Increasing public and private sector cooperation to support long-term, longitudinal population studies is critical to advance translational research on complex diseases.
One of the most ambitious US research projects ever—the National Children's Study on the effects of environmental influences on child health—will fully launch in the next 12 months. Although the project has been dogged by administrative missteps, wrangles over study design and poor allocation of budgetary resources, it promises to transform knowledge of how prenatal factors and early childhood experiences play a role in disease development in later life. It will also be an important testing ground for the potential of large-scale, multi-year epidemiological studies to facilitate elucidation of the role of hereditary, dietary, lifestyle and environmental factors in complex disease. Indeed, with the increasing availability of high-throughput technologies for monitoring many different types of omics data and the integration of information systems for sharing and accessing these with related health data, there has never been a better time to embark on such projects.
Legislation authorizing the Children's Study was first enacted by the US Congress in 2000. The study was set up with the specific aim of examining the effects of environmental exposures on the growth, development and well-being of children and follows a long line of prospective longitudinal studies across the world yielding invaluable insights into risk factors for disease. Perhaps the archetype of these is the Framingham Heart Study, first established in 1948 in a Boston suburb, which has now amassed clinical data from more than 10,000 residents over three generations. The study's data have been instrumental in identifying the role of factors, such as cigarette smoking, elevated cholesterol, hypertension, elevated triglycerides, sedentary lifestyle and diabetes, as causes of cardiovascular disease.
The Children's Study aims to provide similar information about risk factors for illnesses, such as asthma, childhood cancers, neurodevelopmental disorders, obesity and type 2 diabetes, that are becoming increasingly common in children. Because these diseases have emerged comparatively recently, changes in human genetics are unlikely to account for their increasing prevalence. Thus, the design of sufficiently powered, long-term longitudinal studies to tease apart the gene-environment interactions behind these disorders is an important goal.
That is not to say such approaches are easy to conceive or implement. And the Children's Study has suffered its fair share of problems, including a bloated consultation process (over 2,500 experts involved since the study's inception), changes in strategic direction (a shift from a hypothesis-driven design to what is now ostensibly a data collection platform) and delays in recruiting study participants.

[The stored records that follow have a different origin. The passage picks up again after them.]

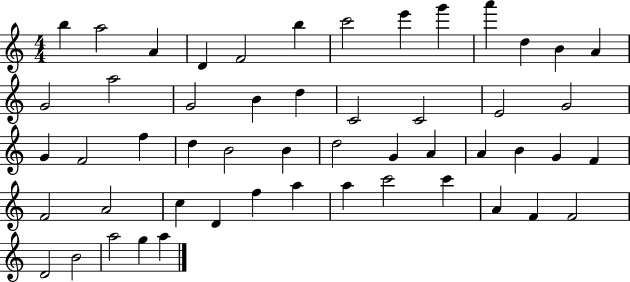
{
  \clef treble
  \numericTimeSignature
  \time 4/4
  \key c \major
  b''4 a''2 a'4 | d'4 f'2 b''4 | c'''2 e'''4 g'''4 | a'''4 d''4 b'4 a'4 | \break g'2 a''2 | g'2 b'4 d''4 | c'2 c'2 | e'2 g'2 | \break g'4 f'2 f''4 | d''4 b'2 b'4 | d''2 g'4 a'4 | a'4 b'4 g'4 f'4 | \break f'2 a'2 | c''4 d'4 f''4 a''4 | a''4 c'''2 c'''4 | a'4 f'4 f'2 | \break d'2 b'2 | a''2 g''4 a''4 | \bar "|."
}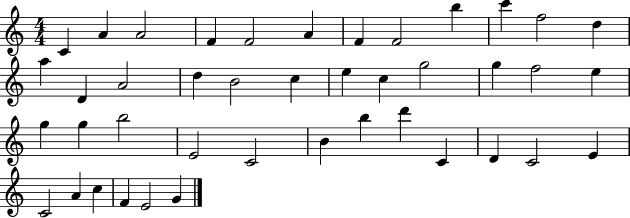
{
  \clef treble
  \numericTimeSignature
  \time 4/4
  \key c \major
  c'4 a'4 a'2 | f'4 f'2 a'4 | f'4 f'2 b''4 | c'''4 f''2 d''4 | \break a''4 d'4 a'2 | d''4 b'2 c''4 | e''4 c''4 g''2 | g''4 f''2 e''4 | \break g''4 g''4 b''2 | e'2 c'2 | b'4 b''4 d'''4 c'4 | d'4 c'2 e'4 | \break c'2 a'4 c''4 | f'4 e'2 g'4 | \bar "|."
}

Despite these issues, there are still many reasons why the Children's Study and other longitudinal, population-based, cohort studies like it deserve support—now more than ever. First, a host of patient monitoring mobile technologies are coming online that offer new possibilities for gathering phenotype information remotely. What's more, current high-throughput analytical technologies, such as deep sequencing, arrays, microfluidics and mass spectrometry, are enabling sample analysis on a hitherto unprecedented scale and breadth. Along with many of the phenotypic data gathered in traditional prospective studies, it is now possible to take urine, blood and even stool samples and catalog a host of molecular variables, including nuclear and mitochondrial DNA variants and copy number information; changes in DNA methylation, chromatin modification, coding and noncoding RNAs; and profiles of targeted sets of proteins, protein modifications and metabolites. At the same time, an appreciation that human 'superorganisms' comprise both host and microflora means that metagenomic and microbiome profiles can also be incorporated into study designs.
Advances in data storage, electronic health records and relational databases that can host, integrate and share data mean that information about subjects can be accessed by the research community more quickly and easily than ever before. Increasing awareness about reproducibility means that more complete records can be made of how data were generated and the types and version of instrumentation involved. In addition, there is an increasing appreciation of the importance of standardizing the patient consent process to ensure that data can be shared with researchers. Going forward, the introduction of new, more flexible forms of consent, like the Portable Legal Consent (Nat. Biotechnol. 30, 469, 2012), will also facilitate the reuse of interrogation of data by interested investigators.
Above all, industry is becoming increasingly aware of the importance of such large cohort studies in providing markers for use in trial design. In precompetitive collaborations like the Innovative Medicines Initiative (IMI) and The Foundation for the National Institutes of Health Biomarkers Consortium, companies are working with the public sector to identify biomarkers in patients with complex disease in the hope of breaking down conditions into molecularly defined subtypes and enabling the definition of presymptomatic individuals predisposed to disease.
Therapeutic interventions are likely to have a better chance of working earlier in a complex disease process than later. In the present situation, many of our current treatments fail because drugs are given to end-stage patients who manifest symptoms arising from disease processes that have become sufficiently dysregulated to result in a massive loss of function. In the field of Alzheimer's, we are already seeing trials where a drug is being tested for its ability to forestall disease in cognitively healthy individuals (Nat. Biotechnol. 30, 731–732, 2012).
We are now on the cusp of a new era of digital medicine. Now is the time to start cataloging the molecular changes that happen during our lifetimes in longitudinal studies. The technology is ready. Industry is ready. And patients are ready. Even if our ability to unravel all of the risk factors is not quite ready, we will be providing the data foundation that will enable generations of researchers in the years to come to do just that.